結城しのぶとちょい役で出ている東てる美を見に行って有明祥子の虜になってしまった作品です。

 物語は青森から東京に出てきた姉妹がともに看護婦として働いておりますが、姉・結城しのぶは淫乱で夜になれば男を求めての痴態・狂態というのが実像ですが、それとは対照的に妹・有明祥子は短歌を詠んだりするややネクラなタイプとして描かれております。そして紆余曲折の姉妹愛憎の果てにクライマックスはその2人による全裸で血まみれの殺し合い!

 ここが本当に凄みのある演出で、かなり長時間にわたる場面なのに少しもダレる所が無いド迫力の演技に吸付けられました。特に姉を殺害する決意をした後の
有明祥子のドロドロとした情念の噴出がリアルで、蛾を焼き殺す場面から姉との血みどろの抗争まで、暗く不気味な美しさが一気に輝いて行くところは最高でした。

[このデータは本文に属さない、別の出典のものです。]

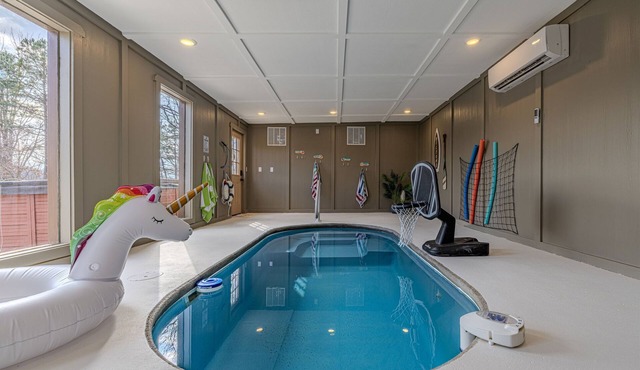 Splash Pool-Game Room & Xbox-Hot Tub-Prime Location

 彼女はこれが映画初出演らしいのですが、ここでの鮮烈かつ美しい毒のある演技に魅せられた私は、しばらくの間、有明祥子、有明祥子と魘される日々を過しました。また関本監督は後年、日活SMシリーズとして
高倉美貴主演による「縄責め」と「緊縛卍責め」のメガホンをとり、後者では再び姉妹愛憎というテーマを取り上げておりますが、個人的には残念ながらこの作品のような毒気が感じられず、それだけにこの作品の強烈な印象が焼き付けられております。


ザ・スーパーガール/夜の女子寮・狙われたチアガール
   (昭和54年12月・東京12チャンネル=現テレビ東京)
監督:高橋勝
出演:野際陽子、ジャネット八田、有明祥子 他

 女探偵アクション物のテレビシリーズに有明祥子が出演した作品です。

 彼女の役は秘密を知ったがために殺されるチアガールで、思いつめたような表情が印象的でした。それにしてもピンク映画もどきのタイトルは何とかならなかったのでしょうか? いや、それ故に見てしまった私のような者も……、あぁ、この自己矛盾!


ザ・スーパーガール/女の肌は三億円の秘密金庫
   (昭和55年1月・東京12チャンネル=現テレビ東京)
監督:関本郁夫
出演:野際陽子、牧れい、有明祥子 他

 同上シリーズの内の一作で、今回は堂々とエピソードの中心人物を演じております。

 彼女の役は元スケバンで現在はピアノ・バーのママであると同時にやくざの情婦という設定で、物語の最後に淋しく微笑むその翳りのある美しさは、今でも脳裏に焼き付いております。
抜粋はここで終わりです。